Generally, I like your idea. But who in hell has time to do something like this?
While I’ve encountered no shortage of shops where 60 hours per week still wasn’t enough, there are a good number out there where developers have a lot of idle time. It’s the Goldilocks zone of busy-ness that seems to be most elusive.
In advising orgs to do this, I’d suggest making it an incremental activity on top of existing review, timeboxed or else done only periodically.
If it’s not broken, fix it until it is.
I like the turn of phrase in general, but I’d argue that legacy code is always broken to some degree or another. If the status quo is fine with users, it’s because they’re used to their workarounds for its warts and bugs.
Probably most code is broken to some degree or another. To throw in another aphorism, “There is no tool perfect for many tasks.”

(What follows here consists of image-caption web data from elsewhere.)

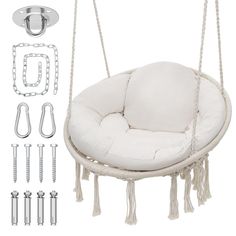 a white swing chair with chains and hooks on the back side, including two handles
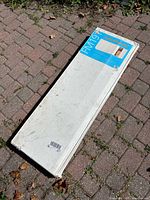 Sealed rectangular box lying on brick surface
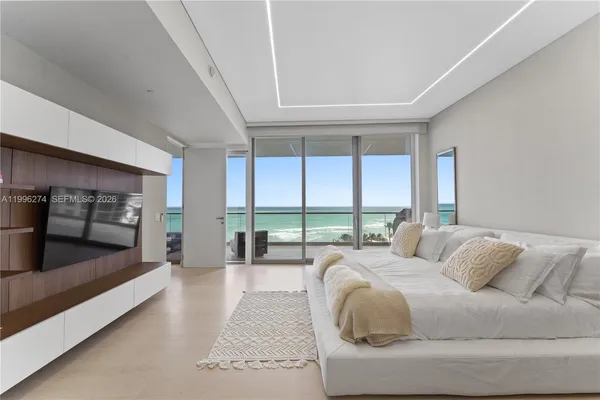 a spacious bedroom with a large bed and large windows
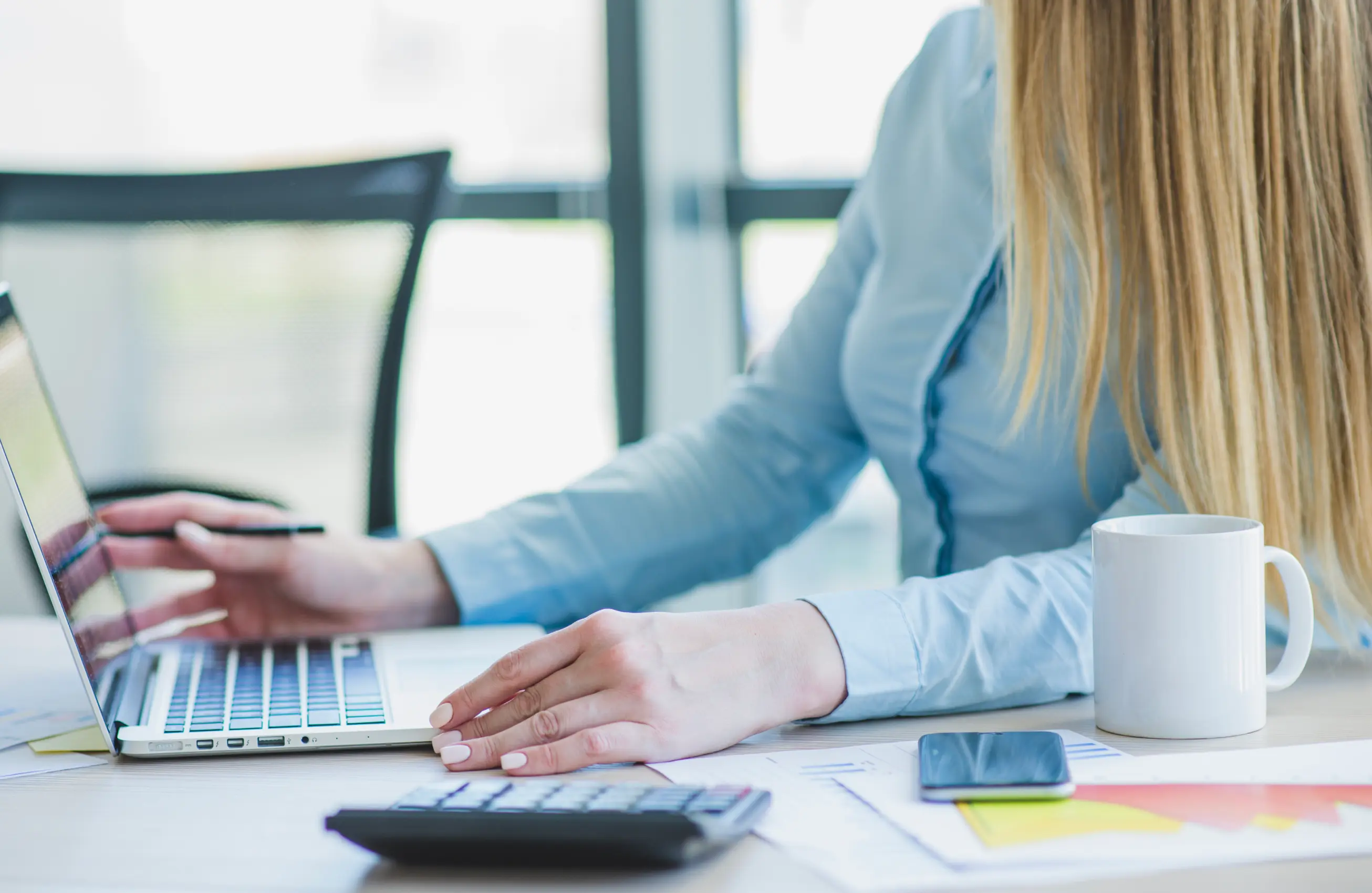 Uma imagem close-up sobre uma mesa com um notebook, onde uma mulher anota algo em uma folha com gráficos enquanto segura um tablet.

A lot of truth in both statements.
>a natural offshoot of the human tendency to blame all problems in the group on people that have departed
Not all problems… just specific ones like the one in the old code I am fixing right now. If I could just get my hands around the neck of the brainless hack that –**?? wait… that is my old code. Never mind. Legacy code is for learning for sure. 😉
🙂 I’ve had that experience more times than I care to recount.